Connect12A22 5 years ago

I love their RISC-V implementation in 500 lines of code: https://github.com/google/xls/blob/main/xls/examples/riscv_s...

  • Traster 5 years ago

    It's kind of a good demonstration of the problem with software versus hardware, here's xls solution (just for one function):

      fn decode_i_instruction(ins: u32) -> (u12, u5, u3, u5, u7) {
       let imm_11_0 = (ins >> u32:20);
       let rs1 = (ins >> u32:15) & u32:0x1F;
       let funct3 = (ins >> u32:12) & u32:0x07;
       let rd = (ins >> u32:7) & u32:0x1F;
       let opcode = ins & u32:0x7F;
       (imm_11_0 as u12, rs1 as u5, funct3 as u3, rd as u5, opcode as u7)
      }
    here's the systemverilog solution

      {im_11_0,rs1,funct3,rd,opcode} <= ins;
    
    Obviously, in software, you can't slice data in the same way since as far as I can tell, it's assuming all variables are a certain size and so there's no naturally way of bit slicing.
    • learyg 5 years ago

      Thanks again for the detailed thought! We actually [developed more advanced bit slicing syntax]( https://github.com/google/xls/blob/1b6859dc384fe8fa39fb901af... ) since that example was written, you can do things like a standard slice `x[5:8]` or a Verilog-style "width slice" that has explicit signedness `x[i +: u8]`. There's currently no facility for "destructuring" structs as bitfields like pattern matches, but there's no conceptual reason it can't be done, I think that'd be an interesting thing to prioritize if there's good bang for the buck. [Github issue to track!](https://github.com/google/xls/issues/131) Let me know if I missed out on details or rationale, thanks!

      • Traster 5 years ago

        Hey, thanks for replying, the project looks like it has a lot of potential. You're right, bit slicing gets you like 99% of the way there (the rest is just syntax sugar). It's interesting because from what I remember there were some non-trivial issues for the people using LLVM for their IR because of fundamental assumptions in the representation, but bit-slicing is the core functionality. Is there a reason you guys decided on your own IR?

    • FullyFunctional 5 years ago

      That's untrue. You need to include the declarations of im_11_0, etc. for the above to work and then you end up with just as much code. There's no reason they couldn't extend match to operate on bit slices also which would make this identical.

      Frankly, combinatorics is not where I expect the most interesting differences. Sequential logic is surely more interesting.

  • fmakunbound 5 years ago

    Comments indicate it implements a subset of various things.

jashmenn 5 years ago

I've been programming for 20 years and yet I have no idea what this does. Can someone ELI5?

  • jevogel 5 years ago

    As far as I can tell, it is a high-level synthesis tool for developing FPGA/ASIC applications. You write your circuit functions in a Rust-like DSL and it generates optimized Verilog/System Verilog code, which can then be synthesized into hardware. But you can also take the output of the DSL and simulate it first, which presumably is quicker than simulating Verilog.

  • tlack 5 years ago

    You feed in Rust (a flavor called DSLX) or C++ and it generates code for your FPGA (in Verilog). You then upload this compiled "bitstream" to your FPGA and now you have something akin to a custom microprocessor, but running just your program.

    • est31 5 years ago

      It looks really quite similar to Rust: https://github.com/google/xls/blob/main/xls/examples/dslx_in...

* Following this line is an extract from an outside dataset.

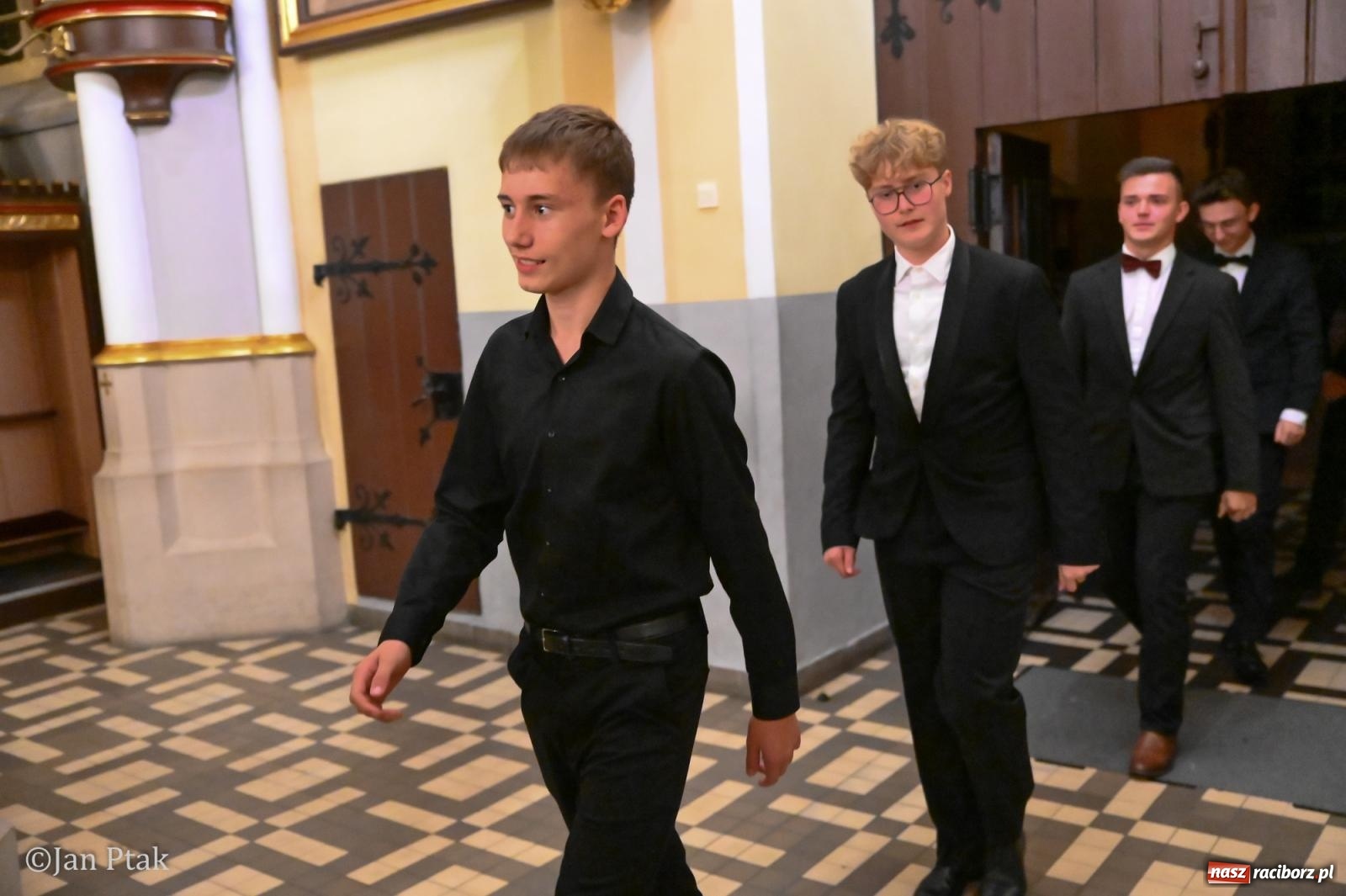 Zdjęcie w galerii na portalu naszraciborz.pl: Muzyka organowa i chóralna zabrzmiała w kościele św. Jana Chrzciciela wiadomości z regionu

      Note that there are differences though: Seems no type inferrence, for .. in, different array syntax, match arms delimitered by ";" instead of ",".

      But it has a lot of the cool stuff from Rust: pattern matching, expression orientedness (let ... = match { ... }), etc.

      Also other syntax is similar: fn foo() -> Type syntax, although something similar to that can be achieved in C++ as well.

      • muizelaar 5 years ago

        Looks like the match arm difference is going away: https://github.com/google/xls/pull/127

        • est31 5 years ago

          Very cool. TBH, Rust's match arm delimiter story is a bit weird. Sometimes you need to put a ",", sometimes you don't. And macro rules macros have ";" instead of ",".

          • couchand 5 years ago

            > Sometimes you need to put a ",", sometimes you don't

            The rule is pretty simple: if you have curly braces you don't need a comma (and rustfmt will drop it), if you don't have curly braces you need a comma.

  • cokernel_hacker 5 years ago

    It is a project aimed at making the design of electronic logical easier.

    Often, such hardware is written using hardware description languages [1] like Verilog or VHDL. These languages are very low level and, in the opinion of some, a little clumsy to use.

    XLS aims to provide a system for High-level synthesis [2]. The benefit of such systems is that you can more easily map interesting algorithms to hardware without being super low level.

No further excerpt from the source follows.